You can write shell scripts (files ending in .sh) that are quite useful for automating tasks. Moreover for those using a cluster you will need to write simple shell scripts that will need to be executed. Here is an example shell script but know that you can also run these commands line-by-line in your console. The first line is a shebang tells what shell to execute the script with. Note that the syntax for shell scripts is very strict so be patient.

#!/bin/bash

echo "Starting script!" # log to console
a=5
b=10
echo $(( $a + $b ))
python myPyScript.py #run python script

Useful tips

  • Combine output of one command to another using ‘|’ (pipe). The below code takes the output of ls and prints the top 5 lines/files.
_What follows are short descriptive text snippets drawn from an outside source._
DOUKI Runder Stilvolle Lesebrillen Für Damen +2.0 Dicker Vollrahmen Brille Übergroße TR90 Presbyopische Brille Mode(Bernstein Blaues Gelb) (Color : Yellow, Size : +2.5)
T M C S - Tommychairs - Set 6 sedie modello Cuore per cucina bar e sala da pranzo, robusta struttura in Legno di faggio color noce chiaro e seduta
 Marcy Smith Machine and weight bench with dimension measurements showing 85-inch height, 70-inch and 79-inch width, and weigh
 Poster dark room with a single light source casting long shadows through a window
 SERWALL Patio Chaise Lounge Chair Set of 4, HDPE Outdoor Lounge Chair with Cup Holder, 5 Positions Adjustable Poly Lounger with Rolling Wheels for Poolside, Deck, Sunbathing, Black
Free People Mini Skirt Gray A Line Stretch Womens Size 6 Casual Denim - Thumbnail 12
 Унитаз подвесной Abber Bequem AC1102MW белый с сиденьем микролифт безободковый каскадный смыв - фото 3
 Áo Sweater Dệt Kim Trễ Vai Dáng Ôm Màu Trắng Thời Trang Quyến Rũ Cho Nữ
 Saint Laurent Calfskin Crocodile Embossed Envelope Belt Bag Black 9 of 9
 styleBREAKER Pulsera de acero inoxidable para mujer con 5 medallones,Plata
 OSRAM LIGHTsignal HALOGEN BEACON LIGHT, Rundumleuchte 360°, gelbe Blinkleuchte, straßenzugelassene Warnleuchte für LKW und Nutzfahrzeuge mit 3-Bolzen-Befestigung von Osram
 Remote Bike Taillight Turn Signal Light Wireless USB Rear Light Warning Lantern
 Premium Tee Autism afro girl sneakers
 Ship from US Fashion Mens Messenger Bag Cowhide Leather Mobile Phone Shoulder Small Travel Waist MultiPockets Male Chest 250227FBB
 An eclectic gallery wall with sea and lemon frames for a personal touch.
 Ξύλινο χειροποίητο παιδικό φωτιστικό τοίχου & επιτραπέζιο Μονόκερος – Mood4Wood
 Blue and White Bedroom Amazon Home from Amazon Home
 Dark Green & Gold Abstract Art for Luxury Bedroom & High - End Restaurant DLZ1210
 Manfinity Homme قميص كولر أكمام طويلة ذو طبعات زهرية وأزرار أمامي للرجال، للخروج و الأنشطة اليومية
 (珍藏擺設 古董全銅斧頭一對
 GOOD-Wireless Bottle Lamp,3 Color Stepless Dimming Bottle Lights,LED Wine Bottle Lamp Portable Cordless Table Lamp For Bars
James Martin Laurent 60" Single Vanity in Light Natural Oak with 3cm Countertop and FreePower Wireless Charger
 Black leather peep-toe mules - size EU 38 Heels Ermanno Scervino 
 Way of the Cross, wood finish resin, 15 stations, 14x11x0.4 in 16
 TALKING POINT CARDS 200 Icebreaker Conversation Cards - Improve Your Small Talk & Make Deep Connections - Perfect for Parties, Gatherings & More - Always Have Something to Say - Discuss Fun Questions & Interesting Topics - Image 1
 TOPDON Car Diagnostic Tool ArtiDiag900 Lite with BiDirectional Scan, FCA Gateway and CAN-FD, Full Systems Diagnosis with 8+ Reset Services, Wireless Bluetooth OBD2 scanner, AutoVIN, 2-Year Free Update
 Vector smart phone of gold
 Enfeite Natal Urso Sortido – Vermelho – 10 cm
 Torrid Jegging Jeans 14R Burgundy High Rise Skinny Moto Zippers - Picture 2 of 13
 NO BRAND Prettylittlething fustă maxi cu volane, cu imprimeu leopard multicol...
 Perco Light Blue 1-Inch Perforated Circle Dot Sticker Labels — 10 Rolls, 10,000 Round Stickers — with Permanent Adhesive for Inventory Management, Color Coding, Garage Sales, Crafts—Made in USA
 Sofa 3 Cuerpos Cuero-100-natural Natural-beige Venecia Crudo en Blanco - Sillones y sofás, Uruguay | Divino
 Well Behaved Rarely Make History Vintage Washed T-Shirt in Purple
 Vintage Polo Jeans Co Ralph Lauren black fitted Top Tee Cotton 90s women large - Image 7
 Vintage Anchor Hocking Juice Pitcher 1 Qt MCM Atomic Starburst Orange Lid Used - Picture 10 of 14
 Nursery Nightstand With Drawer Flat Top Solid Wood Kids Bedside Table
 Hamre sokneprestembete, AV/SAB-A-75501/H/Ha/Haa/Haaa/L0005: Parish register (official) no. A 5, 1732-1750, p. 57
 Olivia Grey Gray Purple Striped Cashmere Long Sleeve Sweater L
A usecase for this may be if you have a large directory and don’t want a large output.
    • ls -l | head -5
  • Write the output of a shell command (or multiple like above) to a file using ‘>’. Below makes a text file with current date.
    • date > example.txt
  • For those running code that may take a while (and IS NOT using a job submitter on a cluster like SciNet), you can run a screen and allow that process to execute. When it is finished you can return back to the screen. Alternative it is quite nice for going back to where you left off earlier. I use this to run simple webservers sometimes, I go to that screen when I need to debug HTTP requests.
    • screen -S running_my_long_python_job This will start a screen which you can execute your python script, then detach from and logout from your server via Ctrl+a d and exit respectively.
  • Set alias for commands you use a lot.
    • alias lsal="ls -al" This will set an alias such that when you execute lsal it will execute the right hand assigned command. Note that this will get erased after you exit your session. To set it permanently you should modify your .bashrc or .bash_profile which gets run everytime you re-enter your shell.